The oxidation state of an element in a compound is the charge left on the atom of interest when all the bonding pairs of electrons are formally broken, and the charged distributed to the most electronegative atom.

This definition is, I grant, a mouthful, but let's see how it is applied. We start with the water molecule, $O {H}_{2}$, which of course is neutral. The $O - H$ bond is of course composed of 2 electrons (this goes back to the idea of covalent bonds as the result of the sharing of 2 electrons between adjacent atoms), and when we break this bond, we are left with ${O}^{2 -}$ and $2 \times {H}^{+}$ (because oxygen is more electronegative than hydrogen, the 2 electrons in the bond devolve to oxygen).

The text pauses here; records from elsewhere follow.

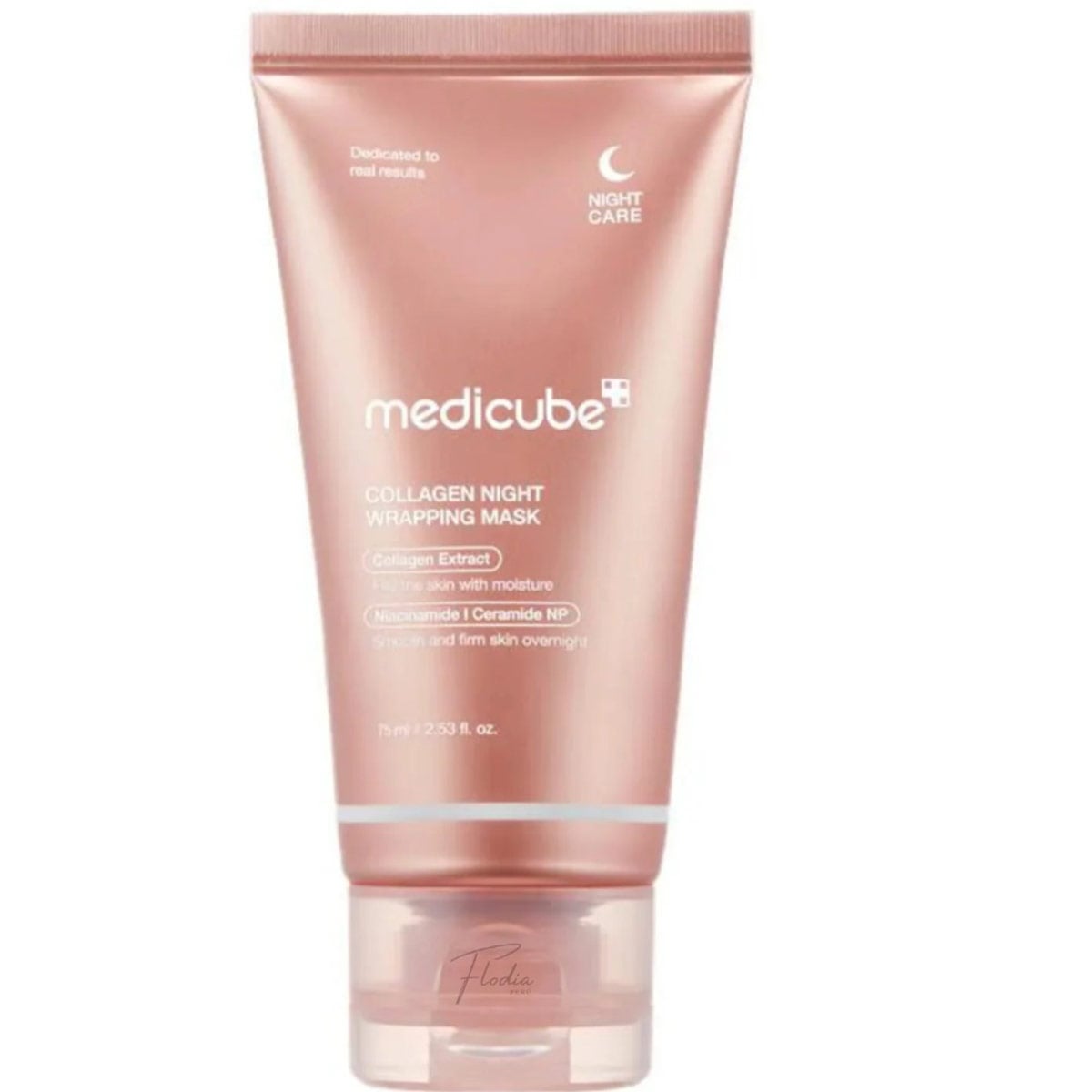 MÁSCARA MEDICUBE COLLAGEN WRAPPING - 2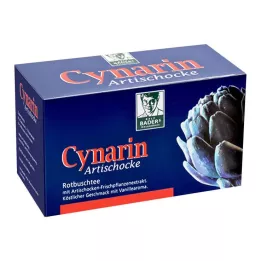 CYNARIN Artiskok filterpose, 20 timer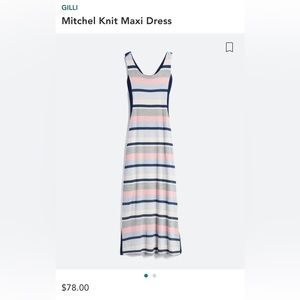 Gilli Mitchel Knit Maxi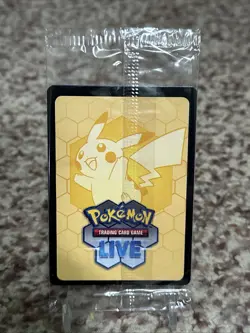 Pokemon TCG Bulbasaur 133/132 Illustration Rare Mega Evolutions Stamped Promo - Image 2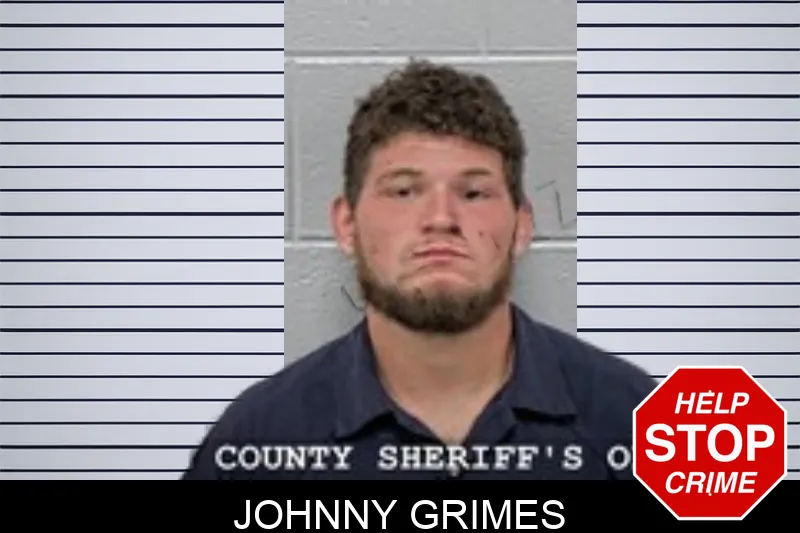 Johnny Grimes mugshot – Walton County , Georgia Johnny Grimes mugshot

Thus given the definition, the oxidation state of $O$ $=$ $- I I$, and that of $H$ $=$ $+ I$.

Elements, of course, are considered to have $0$ oxidation states, because in their elemental state they neither accepted not donated electrons: cf oxidation of carbon:

$C \left(s\right) + {O}_{2} \left(g\right) \rightarrow C {O}_{2} \left(g\right)$

Elemental carbon is conceived to have been oxidized, i.e. it has lost 4 electrons to give $C \left(I V +\right)$, and dioxygen has accepted those same electrons to give $2 \times \left(- I I\right)$.

Now of course, these ideas of electron loss and electron gain are formalisms in that they have no actual reality, but often they allow us to balance redox reactions. I can give you a few ions with the oxidation numbers assigned: $C {O}_{3}^{2 -} , C \left(+ I V\right)$; $S {O}_{3}^{2 -} , S \left(+ I V\right)$; $S {O}_{4}^{2 -} , S \left(+ V I\right)$; $C l {O}_{4}^{-} , C l \left(+ V I I\right)$; $C l {O}_{3}^{-} , C l \left(+ V\right)$.

Anyway, I hope this spray hasn't managed to confuse you totally. Remember, these are simple ideas, and they use very simple arithmetic.